Lowered for camping it looks like this.










We used them last weekend for the first time, and the difference is huge. I only installed them on the rear jacks, because the position of the front jacks doesn't line up very well with the frame. The back of the trailer is virtually rock solid, but there is some movement towards the front. I have a 2" electric tongue jack, and see there is an eighth inch gap around it to the lower gusset on the "A" frame. I'm going to find or make a bushing to fill the space, which should keep the tongue jack from rocking, and hopefully stabilize the front of the trailer.


----------



## CrazyAboutOrchids

Great looking mod!!! I just installed the BAL lock arm stabilizers on our Outback - fraction of the cost of the JT Strongarms - same thing as what you did. It has made the camper rock solid. Very impressed with your handi-work!!!


----------



## Lakewood

Looks great. I've wanted to do the same thing. I hate paying so much for something I can build myself. Did you weld the brackets to the trailer or bolt them on?


----------



## duggy

Everything is bolted on. No welding to the trailer.


----------



## Bob in Virginia

Nice work,







can you provide the length of the pieces?


----------



## Oregon_Camper

How do we order them from you?


----------



## KTMRacer

Oregon_Camper said:


> How do we order them from you?


x2

or some dimensioned drawings! GREAT IDEA


----------



## duggy

KTMRacer said:


> How do we order them from you?


x2

or some dimensioned drawings! GREAT IDEA
[/quote]

The tubes are 24" long. I used a piece of 1 1/4" angle iron on each side of the base pad of the leveler. I replaced the existing bolts with longer 3/8 bolts and new nylock nuts. Attached to the angle iron is a 2" long one inch "U" channel with a single pivot bolt, and a cross bolt to receive the 3/4" tube. At the top I made a 1 1/4" "U" channel to receive the 1" tube. The bolts holding the pieces together are all 1/4" diameter, with nylock nuts. I fastened the top "U" channels to the trailer with self drilling bolts, the same as the underbelly is fastened with.

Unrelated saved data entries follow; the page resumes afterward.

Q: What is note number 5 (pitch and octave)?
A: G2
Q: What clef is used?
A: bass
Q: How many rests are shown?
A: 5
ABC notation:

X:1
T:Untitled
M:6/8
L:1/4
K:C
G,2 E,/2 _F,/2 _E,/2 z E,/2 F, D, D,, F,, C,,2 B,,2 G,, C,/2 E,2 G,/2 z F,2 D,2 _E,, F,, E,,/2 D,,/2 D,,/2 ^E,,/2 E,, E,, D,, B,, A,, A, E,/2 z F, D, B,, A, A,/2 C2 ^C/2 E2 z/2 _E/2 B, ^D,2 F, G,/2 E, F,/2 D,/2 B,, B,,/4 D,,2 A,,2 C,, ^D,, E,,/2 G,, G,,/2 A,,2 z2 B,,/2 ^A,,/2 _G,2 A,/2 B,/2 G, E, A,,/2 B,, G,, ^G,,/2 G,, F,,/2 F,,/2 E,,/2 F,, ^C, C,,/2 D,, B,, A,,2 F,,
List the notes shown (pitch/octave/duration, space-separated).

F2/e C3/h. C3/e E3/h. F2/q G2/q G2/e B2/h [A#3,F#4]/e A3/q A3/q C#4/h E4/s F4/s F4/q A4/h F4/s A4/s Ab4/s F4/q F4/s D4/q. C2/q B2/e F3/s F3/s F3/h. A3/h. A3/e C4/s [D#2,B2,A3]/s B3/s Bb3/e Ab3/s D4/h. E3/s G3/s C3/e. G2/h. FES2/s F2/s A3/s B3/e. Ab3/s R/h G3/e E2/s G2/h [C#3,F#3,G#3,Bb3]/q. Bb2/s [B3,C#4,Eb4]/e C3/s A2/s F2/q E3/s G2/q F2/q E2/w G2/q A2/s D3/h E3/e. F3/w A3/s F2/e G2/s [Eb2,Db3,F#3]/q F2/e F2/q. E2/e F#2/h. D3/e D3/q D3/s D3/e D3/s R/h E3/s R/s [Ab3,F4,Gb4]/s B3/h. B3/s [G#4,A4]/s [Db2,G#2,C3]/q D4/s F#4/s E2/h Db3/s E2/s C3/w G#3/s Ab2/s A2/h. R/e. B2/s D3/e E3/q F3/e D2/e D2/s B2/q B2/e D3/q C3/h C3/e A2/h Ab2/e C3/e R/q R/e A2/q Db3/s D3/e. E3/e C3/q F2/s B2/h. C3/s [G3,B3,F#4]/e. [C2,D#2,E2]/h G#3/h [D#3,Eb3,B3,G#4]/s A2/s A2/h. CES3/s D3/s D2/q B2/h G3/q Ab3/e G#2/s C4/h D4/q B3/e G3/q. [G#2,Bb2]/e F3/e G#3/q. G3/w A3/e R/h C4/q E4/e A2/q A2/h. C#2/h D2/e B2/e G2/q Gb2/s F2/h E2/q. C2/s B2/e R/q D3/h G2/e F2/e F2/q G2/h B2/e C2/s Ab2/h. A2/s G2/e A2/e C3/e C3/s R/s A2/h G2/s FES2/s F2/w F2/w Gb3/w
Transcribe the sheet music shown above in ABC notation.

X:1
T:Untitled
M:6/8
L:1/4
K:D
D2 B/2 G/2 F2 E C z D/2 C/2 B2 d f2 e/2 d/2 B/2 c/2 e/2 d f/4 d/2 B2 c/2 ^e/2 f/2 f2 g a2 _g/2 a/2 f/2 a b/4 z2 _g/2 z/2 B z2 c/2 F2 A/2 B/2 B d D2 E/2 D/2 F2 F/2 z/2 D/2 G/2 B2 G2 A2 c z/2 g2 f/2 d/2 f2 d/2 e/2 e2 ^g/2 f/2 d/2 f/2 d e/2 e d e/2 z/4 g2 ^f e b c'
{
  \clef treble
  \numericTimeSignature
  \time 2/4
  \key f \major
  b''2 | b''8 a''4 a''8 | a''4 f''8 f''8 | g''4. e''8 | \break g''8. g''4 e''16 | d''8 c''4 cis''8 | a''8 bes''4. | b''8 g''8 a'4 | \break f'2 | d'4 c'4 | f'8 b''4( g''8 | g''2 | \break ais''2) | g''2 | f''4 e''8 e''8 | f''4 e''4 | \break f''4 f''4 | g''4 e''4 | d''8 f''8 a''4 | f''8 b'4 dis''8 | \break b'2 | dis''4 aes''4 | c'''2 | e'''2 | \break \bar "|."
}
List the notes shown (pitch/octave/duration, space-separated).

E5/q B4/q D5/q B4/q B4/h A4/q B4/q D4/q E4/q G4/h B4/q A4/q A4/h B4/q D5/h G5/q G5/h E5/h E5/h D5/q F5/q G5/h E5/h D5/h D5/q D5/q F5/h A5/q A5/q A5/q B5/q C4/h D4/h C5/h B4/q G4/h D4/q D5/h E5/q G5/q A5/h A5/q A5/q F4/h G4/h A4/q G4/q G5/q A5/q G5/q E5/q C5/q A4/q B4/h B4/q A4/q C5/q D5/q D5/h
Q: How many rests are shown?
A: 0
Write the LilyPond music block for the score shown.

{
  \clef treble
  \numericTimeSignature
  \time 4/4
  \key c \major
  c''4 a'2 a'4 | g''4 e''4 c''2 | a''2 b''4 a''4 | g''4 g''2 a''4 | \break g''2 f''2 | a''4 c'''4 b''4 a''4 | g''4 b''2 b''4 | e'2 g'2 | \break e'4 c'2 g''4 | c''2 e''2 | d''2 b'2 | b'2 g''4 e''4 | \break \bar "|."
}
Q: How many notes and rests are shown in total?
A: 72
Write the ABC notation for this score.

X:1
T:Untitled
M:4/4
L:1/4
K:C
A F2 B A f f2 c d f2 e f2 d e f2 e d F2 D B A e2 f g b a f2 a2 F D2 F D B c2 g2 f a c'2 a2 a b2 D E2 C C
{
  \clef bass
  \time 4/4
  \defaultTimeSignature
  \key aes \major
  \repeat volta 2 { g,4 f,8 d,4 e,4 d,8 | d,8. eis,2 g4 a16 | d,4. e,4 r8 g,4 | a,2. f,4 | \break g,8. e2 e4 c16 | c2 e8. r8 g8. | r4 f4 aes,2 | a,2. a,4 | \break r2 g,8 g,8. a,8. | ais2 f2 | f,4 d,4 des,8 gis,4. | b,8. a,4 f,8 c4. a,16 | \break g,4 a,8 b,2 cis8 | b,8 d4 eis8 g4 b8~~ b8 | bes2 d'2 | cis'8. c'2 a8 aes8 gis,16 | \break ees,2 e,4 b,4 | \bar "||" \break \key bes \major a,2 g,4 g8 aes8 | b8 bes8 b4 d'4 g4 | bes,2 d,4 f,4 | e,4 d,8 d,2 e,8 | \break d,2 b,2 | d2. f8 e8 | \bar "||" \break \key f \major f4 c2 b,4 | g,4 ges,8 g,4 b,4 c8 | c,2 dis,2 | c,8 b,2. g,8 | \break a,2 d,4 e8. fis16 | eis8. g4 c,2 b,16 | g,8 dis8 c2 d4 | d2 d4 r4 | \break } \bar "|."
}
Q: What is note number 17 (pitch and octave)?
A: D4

Here is a picture of the attachment at the base of the leveler










As for going into business with these, I'd have to get a lot faster at making them, to compete with the price they can be bought for. I probably have about eight hours in them. But it was fun!


----------



## Bob in Virginia

Dimensions are greatly appreciated. If you did go into business, you would also have all of the problems of transporting across the border and all of the fun that comes with it. Thanks duggy!


----------



## booze123

Very nice work. I bet you had fun doing it. I know I would, but I don't have a welder. That's next on my list of tools I want but can't yet justify it.


----------



## rdvholtwood

Nice Job!


----------



## CdnOutback

Looks great... I would like to get these for my fifth.


----------



## Calvin&Hobbes

What (or how) did you make the "tighenting" screw ("T" handle) on the down tube? threaded the outer tube and just used a bolt?


----------



## jake's outback

Hey Doug, Appointment set for next weekend...







....LOL
Great looking, I returned the additional stands I purchased and will look at doing this! Great idea, sometimes I just look to see what I can buy to fix, but I need to change the way I think sometimes, great job.


----------



## Lmbevard

jake said:


> Hey Doug, Appointment set for next weekend...
> 
> 
> 
> 
> 
> 
> 
> ....LOL
> Great looking, I returned the additional stands I purchased and will look at doing this! Great idea, sometimes I just look to see what I can buy to fix, but I need to change the way I think sometimes, great job.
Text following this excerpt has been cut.